Recently Viewed Topics
Scan a Repository via the Tenable.io CS Scanner
Required User Role: Scan Operator, Standard, Scan Manager, or Administrator
Run the Tenable.io CS Scanner in Registry Import mode to scan all images in a repository.
Before you begin:
- Confirm your machine meets the system requirements, as described in CS Scanner System Requirements.
- Download the Tenable.io CS Scanner, as described in Download the CS Scanner.
- Prepare your environment variable value, as described in the Environment Variables.
- (Optional) To scan images hosted in an Azure registry, complete the following tasks to prepare your Azure registry. For information about Azure registries, see Azure Documentation.
- Configure your Azure registry.
Create a service principal for your Azure registry and assign the AcrPull role to the service principal.

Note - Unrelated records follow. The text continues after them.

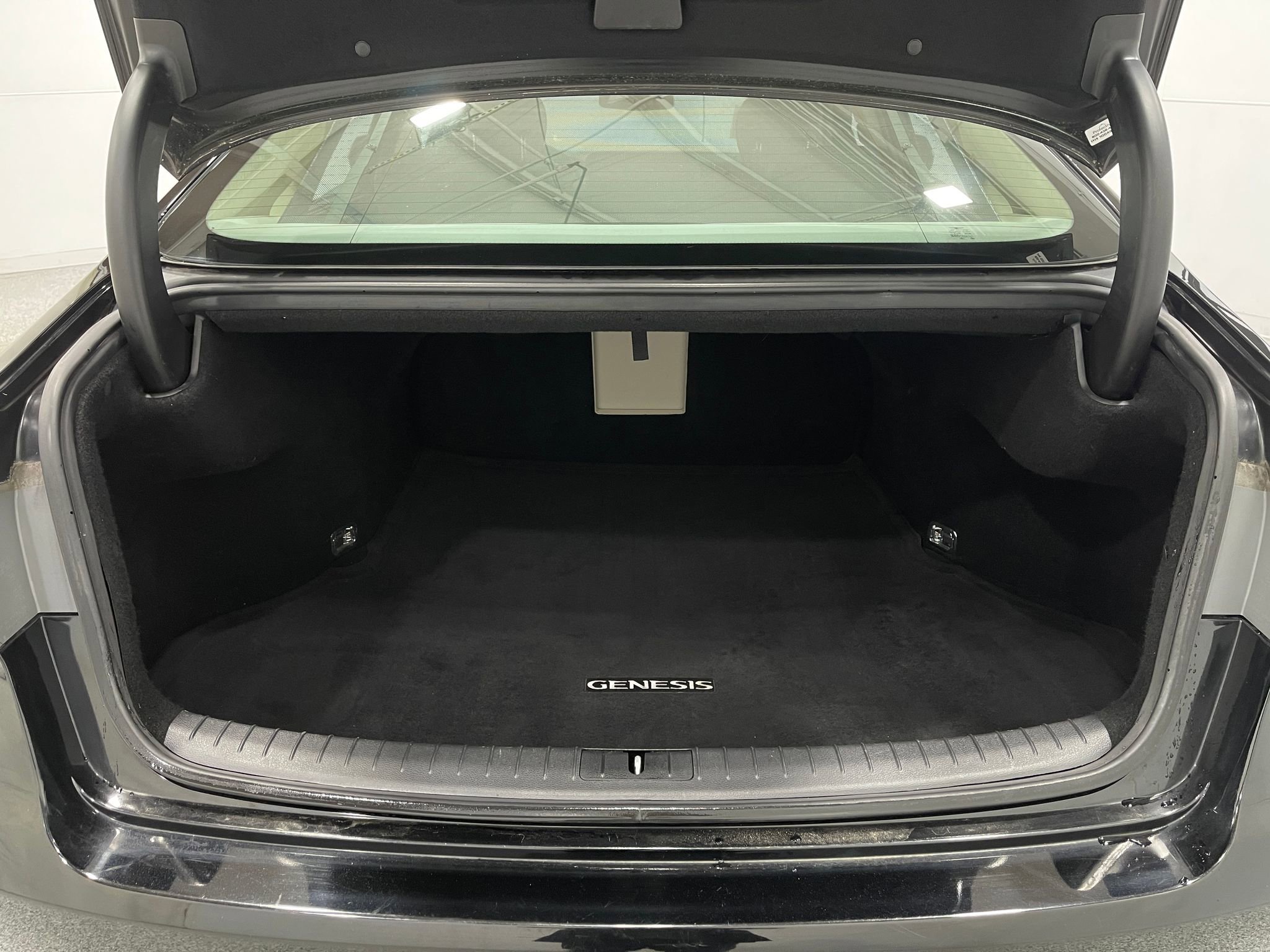 Used 2017 Genesis G80 3.8 w/ Option Group 03 image 26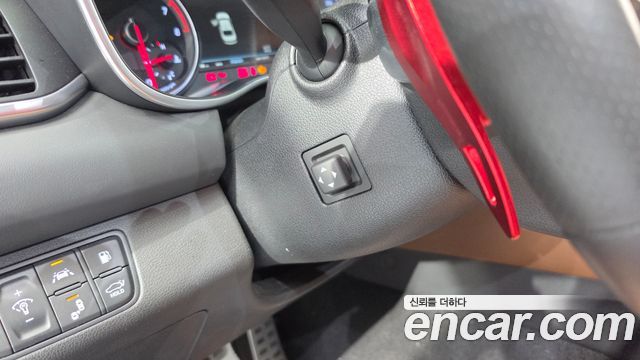 Genesis G70 2019 — photo 29
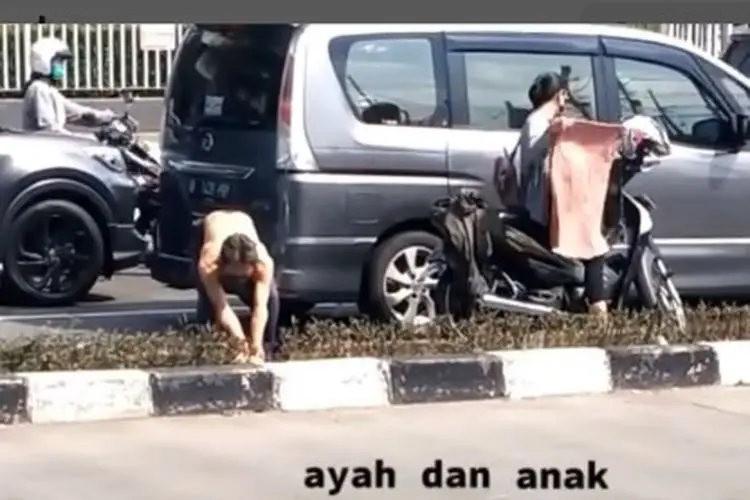 Viral! Ayah dan Anak Rela Buka Baju dan Kerudung di Tengah Perjalanan, Ini Penyebabnya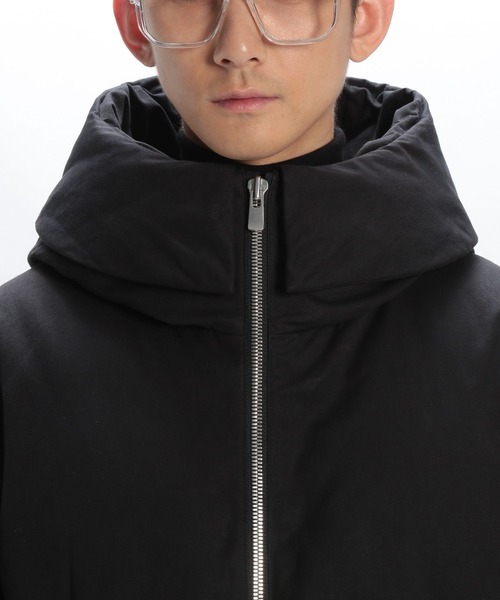 STERNBERG（スタンバーグ）の「Brewed Proteinパファーダウン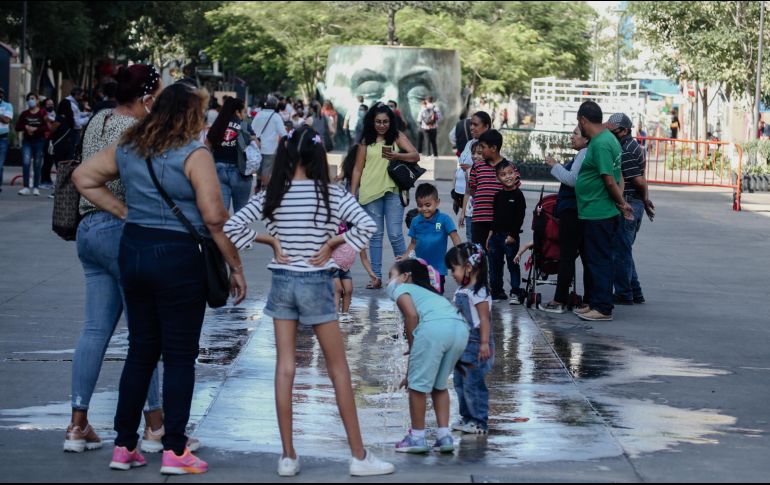 La SSJ llamó a la población a evitar el incremento de los contagios por coronavirus en los días posteriores a la Semana Santa y de Pascua. EL INFORMADOR / ARCHIVO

- (Optional) To scan images hosted in an Amazon Web Services (AWS) Elastic Container Registry (ECR), obtain your AWS token. For information about how to obtain your AWS token, see AWS Documentation.
To run the Tenable.io CS Scanner in Registry Import mode:
-
In the CLI of the machine where you want to run the scanner, type the customized configuration and command for your deployment type using the parameters defined below.

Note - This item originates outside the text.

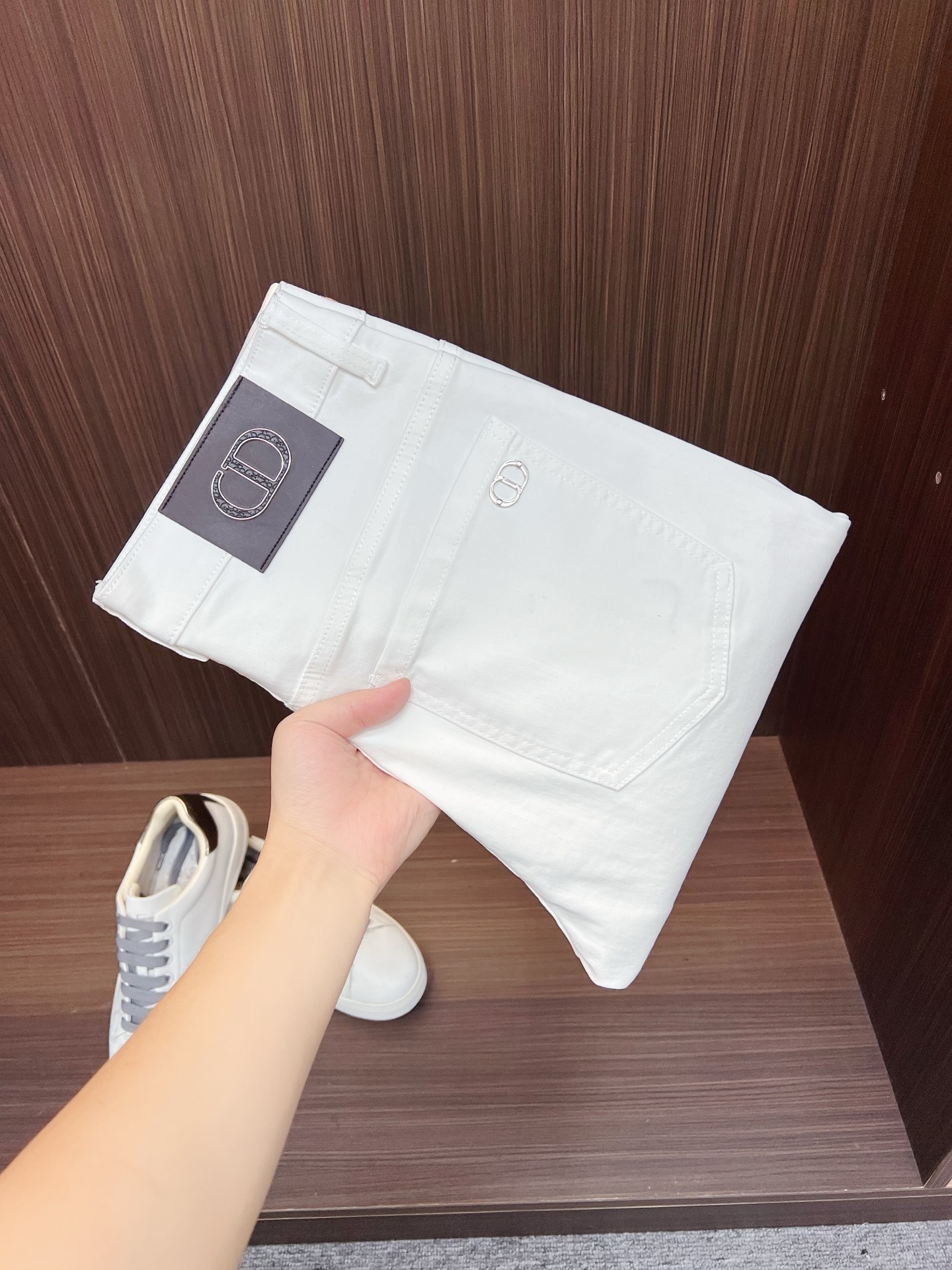 NO:736662,Dior men's denim jeans, official album and poster style!  High-grade imported denim raw color fabrics are supplied to customers, and the pure 13oz denim fabrics from Okayama, Japan are specially selected. Heavy-duty environmentally friendly plant enzyme washing process is used. The texture has a light retro color, which is quite beautiful and is very suitable for autumn and winter color matching. The fabric is soft and delicate after washing, but has strong bones and a slight stretch, providing an excellent comfortable experience. There is no damage from any technological elements throughout the body, retaining the purest tannin color!  The details throughout the body are perfect, exquisite and sophisticated. The latest leather label on the waist highlights the brand's characteristics. The hardware accessories, leather label and wiring all reflect the craftsmanship!  The silhouette is perfectly tailored and has excellent butt lift and slimming effect. It can be easily matched with any top in the wardrobe. It has wide compatibility and is suitable for various daily wear. The upper body is full of style. It is a must-have trousers for those who are obsessed with quality control and 1V!  Size 29-38 (not 35.37), dior, dior, jeans,19860909Dior 迪奥 男士丹宁牛仔裤,官宣画册海报穿搭款！ 客供高级进口的丹宁原色面料,特选日本冈山纯正13oz 盎司牛仔布料,重磅环保植物酵素水洗工艺,肌理有着淡淡的复古色彩,相当漂亮,极符合秋冬的配色,面料经过水洗后柔软细腻,但筋骨感极强,且略带弹力,提供了绝佳的舒适体验,通身无任何工艺元素破坏,保留了最纯粹的丹宁本色！通身细节完美如斯,精湛且考究,最新的腰部皮标彰显了品牌特质,五金配件、皮标、走线无不体现出匠心工艺！版型剪裁完美,提臀修身效果绝佳,可轻松横扫衣橱任何的上装搭配,兼容性广泛,满足于日常各种穿搭,上身型款十足,于品质控及1V迷控者必入型裤装！ 尺码29—38（没35.37）,,dior,dior,jeans,,Men's clothing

Note: Some of the following variables not required to run the scanner. For information about these variables and their definitions, see Environment Variables.
docker run \ -e TENABLE_ACCESS_KEY=<variable> \ -e TENABLE_SECRET_KEY=<variable> \ -e IMPORT_REPO_NAME=<variable> \ -e REGISTRY_URI=<variable> \ -e REGISTRY_USERNAME=<variable> \ -e REGISTRY_PASSWORD=<variable> \ -e IMPORT_INTERVAL_MINUTES=<variable> -i tenableio-docker-consec-local.jfrog.io/cs-scanner:latest import-registry -
Press Enter.
The Tenable.io CS Scanner scans all images in the registry.
What to do next:
- View the results of your scan, as described in View Scan Results for Container Images.